▸ AIM OF THE EXERCISE: As output, give the exact lines from the one containing "Homelegance Amite Glider" through the end of the listing below, both included, without the pictures.

▸ SOURCE MATERIAL:

---+---

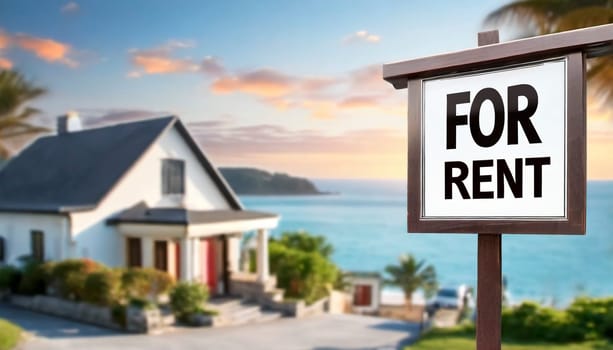 For rent sign with tropical beach in background. Ocean front vacation rental property. AI generated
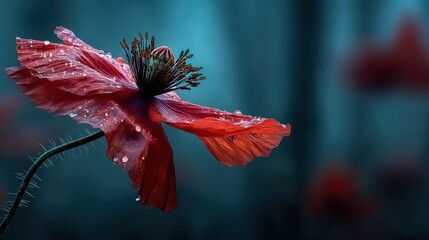 A mystical, enchanting poppy flower, radiating beauty and mystery, stands proudly in a magical, shimmering garden.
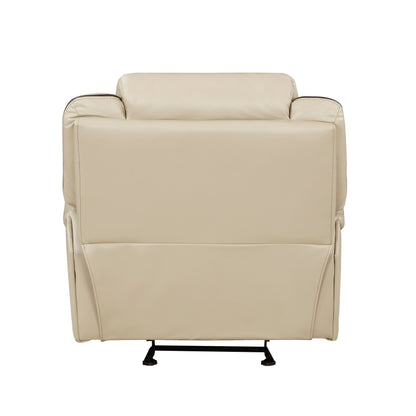 Homelegance Amite Glider Recliner Chair in Beige Faux Leather 8229NBE-1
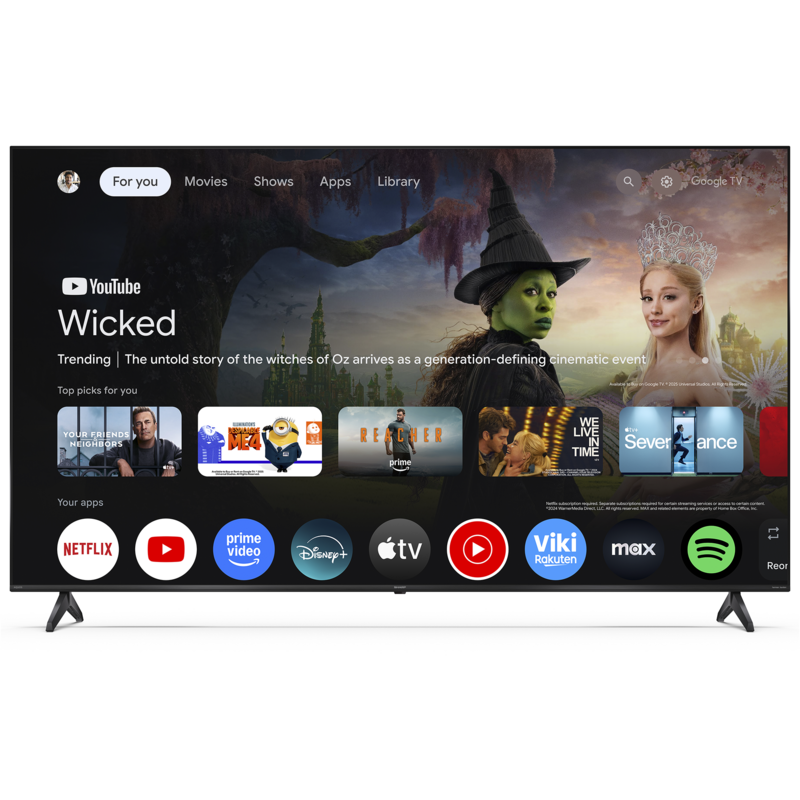 SHARP 85HP5765E QLED-Fernseher, schwarz, UltraHD/4K, Google TV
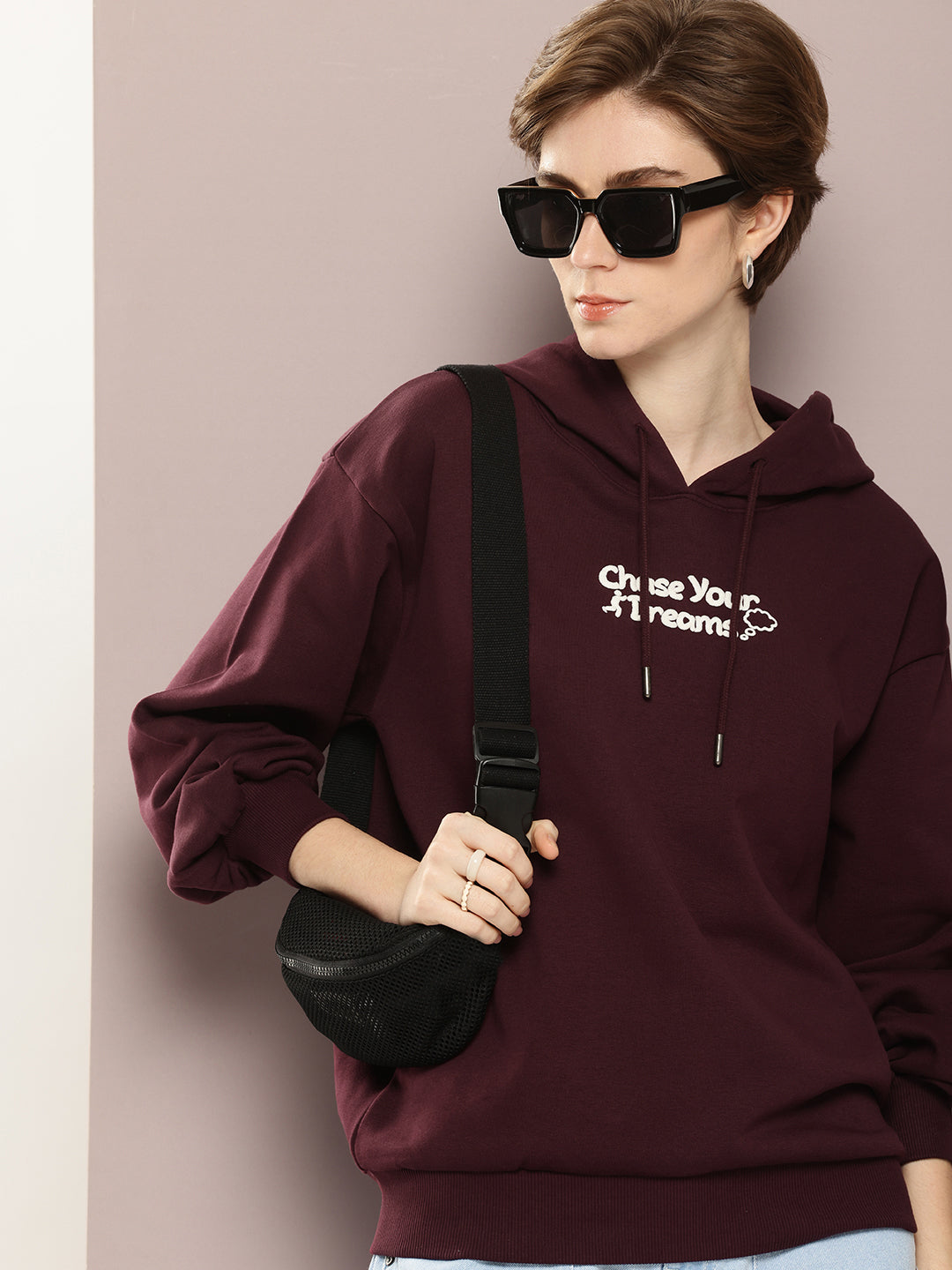 Womens Long Sleeve Oversized Hooded Sweatshirt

---+---

▸ YOUR SOLUTION:
 Homelegance Amite Glider Recliner Chair in Beige Faux Leather 8229NBE-1
 SHARP 85HP5765E QLED-Fernseher, schwarz, UltraHD/4K, Google TV
 Womens Long Sleeve Oversized Hooded Sweatshirt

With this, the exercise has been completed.